Beyoncé, Shatta Wale, Major Lazer – ALREADY (Official Video) from #BlackIsKing via @lisafordblog
I haven’t posted Beyonce’ in a while on this website, but damn the Queen killed it with her new film, Black Is King, playing on Disney+. The art, the colors, the costumes, the storyline, the African musicians, the dancer, everything is so perfect. The mixture of Hip Hop and African music was a gamechanger for me. And this video features the multi-talented Nigeran artist, Shatta Wale…an excellent collaboration choice.
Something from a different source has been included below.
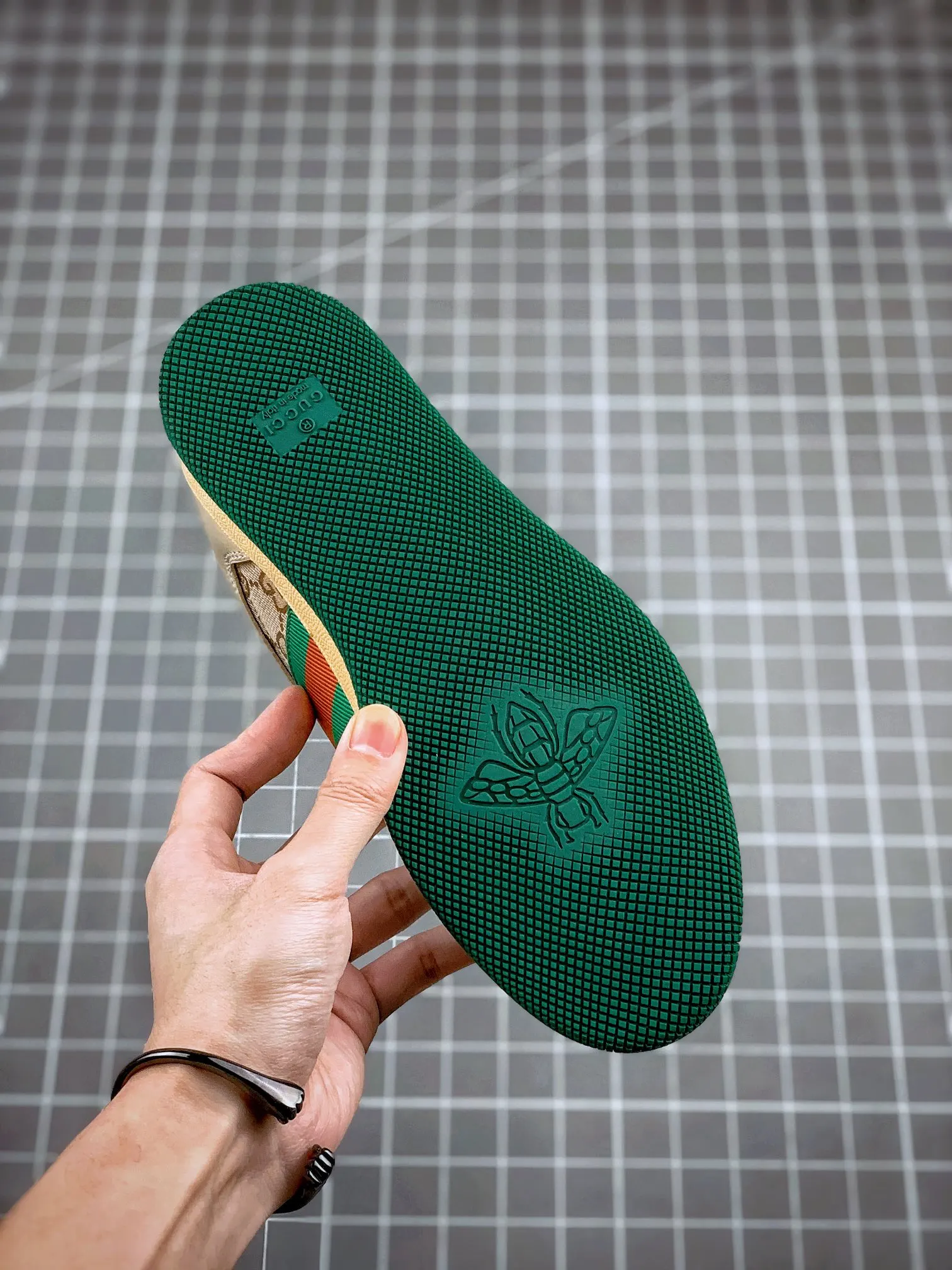 Gucci Logo休闲运动鞋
It’s just pure art. Every single scene, shot, moves is perfectly executed and has a big meaning. Beyonce’ took a crazy amount of time to perfect this and you can clearly see it. I love love love love it. Vulture writes,
Black Is King blurs the lines between film, music video, photography, poetry, and nature documentary in its exploration of the themes of The Gift, elevating what, last year, looked like a promotional tie-in selling Bey’s appearance as Nala in Disney’s odd photorealistic Lion King remake into a stand-alone experience of its own, whose plot points, insofar as they can be understood as such, dovetail sparingly with the most dramatic turns in Simba’s hero’s journey but otherwise seem refreshingly uninterested in telling that story again. Here, there is also a king in exile seeking a restoration to greatness. But this time, the king is you, the viewer — and/or the Black diaspora spread out over the globe and poignantly lacking, as the film suggests overtly and covertly, a close connection to the millennia of African history from which we are descended. Black Is King is a full immersion in that beauty, guided by African artists, actors, and dancers, honoring African fashion, music, and spirituality. We’ve seen this move play out before, particularly in the ’80s and ’90s, when the American entertainment industry took great interest in South African apartheid and responded with films like Cry Freedom and The Power of One and albums like Artists United Against Apartheid’s Sun City and Paul Simon’s Graceland. But those were Anglo-American works often lacking an authoritative African or even nonwhite voice. Black Is King, like Homecoming, seems uninterested in the white gaze.